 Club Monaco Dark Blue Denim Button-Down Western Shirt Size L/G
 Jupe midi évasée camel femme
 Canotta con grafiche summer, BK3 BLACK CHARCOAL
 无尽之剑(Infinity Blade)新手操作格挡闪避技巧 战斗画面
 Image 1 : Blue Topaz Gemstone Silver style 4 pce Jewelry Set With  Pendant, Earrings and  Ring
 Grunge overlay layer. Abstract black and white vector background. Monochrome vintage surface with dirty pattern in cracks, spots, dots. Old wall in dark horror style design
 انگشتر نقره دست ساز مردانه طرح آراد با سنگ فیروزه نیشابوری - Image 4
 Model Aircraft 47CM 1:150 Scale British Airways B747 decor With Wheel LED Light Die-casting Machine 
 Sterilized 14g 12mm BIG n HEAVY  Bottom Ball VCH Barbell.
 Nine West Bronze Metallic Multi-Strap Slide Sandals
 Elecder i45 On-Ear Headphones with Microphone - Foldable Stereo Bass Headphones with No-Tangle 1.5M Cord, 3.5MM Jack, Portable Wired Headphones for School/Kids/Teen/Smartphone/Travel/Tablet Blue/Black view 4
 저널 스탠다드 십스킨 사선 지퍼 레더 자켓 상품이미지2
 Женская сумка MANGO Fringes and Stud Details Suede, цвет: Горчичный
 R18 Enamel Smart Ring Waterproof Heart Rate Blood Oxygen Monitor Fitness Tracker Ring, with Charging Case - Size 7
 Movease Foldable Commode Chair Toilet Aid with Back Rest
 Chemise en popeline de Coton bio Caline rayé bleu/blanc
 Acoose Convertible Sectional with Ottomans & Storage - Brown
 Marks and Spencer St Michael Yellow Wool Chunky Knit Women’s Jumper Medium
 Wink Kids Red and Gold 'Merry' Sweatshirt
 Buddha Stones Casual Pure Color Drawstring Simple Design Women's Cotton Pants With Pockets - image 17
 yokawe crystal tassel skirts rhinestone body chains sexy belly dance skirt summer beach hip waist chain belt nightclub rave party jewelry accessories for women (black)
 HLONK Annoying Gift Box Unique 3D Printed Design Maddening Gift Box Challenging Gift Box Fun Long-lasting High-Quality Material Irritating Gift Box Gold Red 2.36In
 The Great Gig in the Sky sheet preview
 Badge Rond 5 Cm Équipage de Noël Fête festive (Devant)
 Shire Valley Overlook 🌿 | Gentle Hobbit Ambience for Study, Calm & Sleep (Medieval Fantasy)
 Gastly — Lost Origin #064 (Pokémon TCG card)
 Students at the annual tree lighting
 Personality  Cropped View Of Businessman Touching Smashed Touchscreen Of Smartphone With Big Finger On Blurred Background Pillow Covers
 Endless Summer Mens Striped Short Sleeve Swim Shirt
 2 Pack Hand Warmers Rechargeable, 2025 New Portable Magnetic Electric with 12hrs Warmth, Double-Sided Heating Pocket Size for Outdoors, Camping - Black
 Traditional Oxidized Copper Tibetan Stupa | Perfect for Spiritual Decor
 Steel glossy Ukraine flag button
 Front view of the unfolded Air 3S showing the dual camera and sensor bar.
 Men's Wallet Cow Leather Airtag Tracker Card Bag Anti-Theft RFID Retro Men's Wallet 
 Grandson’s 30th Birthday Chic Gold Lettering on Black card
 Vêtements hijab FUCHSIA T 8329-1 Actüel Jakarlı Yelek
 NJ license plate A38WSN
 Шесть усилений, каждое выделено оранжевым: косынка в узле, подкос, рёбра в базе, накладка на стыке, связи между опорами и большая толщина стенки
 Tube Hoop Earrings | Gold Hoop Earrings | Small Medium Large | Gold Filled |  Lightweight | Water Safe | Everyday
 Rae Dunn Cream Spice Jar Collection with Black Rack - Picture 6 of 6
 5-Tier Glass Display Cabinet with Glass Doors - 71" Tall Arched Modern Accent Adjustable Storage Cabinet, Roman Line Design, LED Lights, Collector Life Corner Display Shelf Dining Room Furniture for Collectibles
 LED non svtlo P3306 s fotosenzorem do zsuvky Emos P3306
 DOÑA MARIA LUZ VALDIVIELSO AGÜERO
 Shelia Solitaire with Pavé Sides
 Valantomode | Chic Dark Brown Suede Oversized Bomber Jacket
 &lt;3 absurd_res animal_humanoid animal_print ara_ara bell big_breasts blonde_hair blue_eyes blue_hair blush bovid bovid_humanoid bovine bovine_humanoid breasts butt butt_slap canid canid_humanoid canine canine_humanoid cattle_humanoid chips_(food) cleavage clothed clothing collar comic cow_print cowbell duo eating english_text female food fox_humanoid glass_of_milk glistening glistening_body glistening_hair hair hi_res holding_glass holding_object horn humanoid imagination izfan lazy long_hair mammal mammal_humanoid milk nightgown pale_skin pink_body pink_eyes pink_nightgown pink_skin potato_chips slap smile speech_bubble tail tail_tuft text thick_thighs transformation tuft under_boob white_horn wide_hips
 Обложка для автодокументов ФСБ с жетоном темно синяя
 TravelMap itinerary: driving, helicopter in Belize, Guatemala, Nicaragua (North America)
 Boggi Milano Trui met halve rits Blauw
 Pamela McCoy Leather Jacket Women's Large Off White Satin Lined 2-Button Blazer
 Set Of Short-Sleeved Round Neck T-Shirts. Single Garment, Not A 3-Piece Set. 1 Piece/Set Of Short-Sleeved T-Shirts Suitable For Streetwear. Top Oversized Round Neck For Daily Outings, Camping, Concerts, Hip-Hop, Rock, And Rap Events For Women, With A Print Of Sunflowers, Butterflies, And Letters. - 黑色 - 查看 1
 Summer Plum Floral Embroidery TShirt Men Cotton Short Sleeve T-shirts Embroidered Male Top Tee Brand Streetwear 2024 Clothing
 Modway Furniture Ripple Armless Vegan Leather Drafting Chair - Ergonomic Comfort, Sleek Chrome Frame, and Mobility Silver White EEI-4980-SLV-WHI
___
▶ **What you are asked to do**
Using the data above, reproduce exactly the lines from the line that contains "yokawe crystal tassel" through the line that contains "Students at the annual tree lighting", including both.

▶ **Response box**
 yokawe crystal tassel skirts rhinestone body chains sexy belly dance skirt summer beach hip waist chain belt nightclub rave party jewelry accessories for women (black)
 HLONK Annoying Gift Box Unique 3D Printed Design Maddening Gift Box Challenging Gift Box Fun Long-lasting High-Quality Material Irritating Gift Box Gold Red 2.36In
 The Great Gig in the Sky sheet preview
 Badge Rond 5 Cm Équipage de Noël Fête festive (Devant)
 Shire Valley Overlook 🌿 | Gentle Hobbit Ambience for Study, Calm & Sleep (Medieval Fantasy)
 Gastly — Lost Origin #064 (Pokémon TCG card)
 Students at the annual tree lighting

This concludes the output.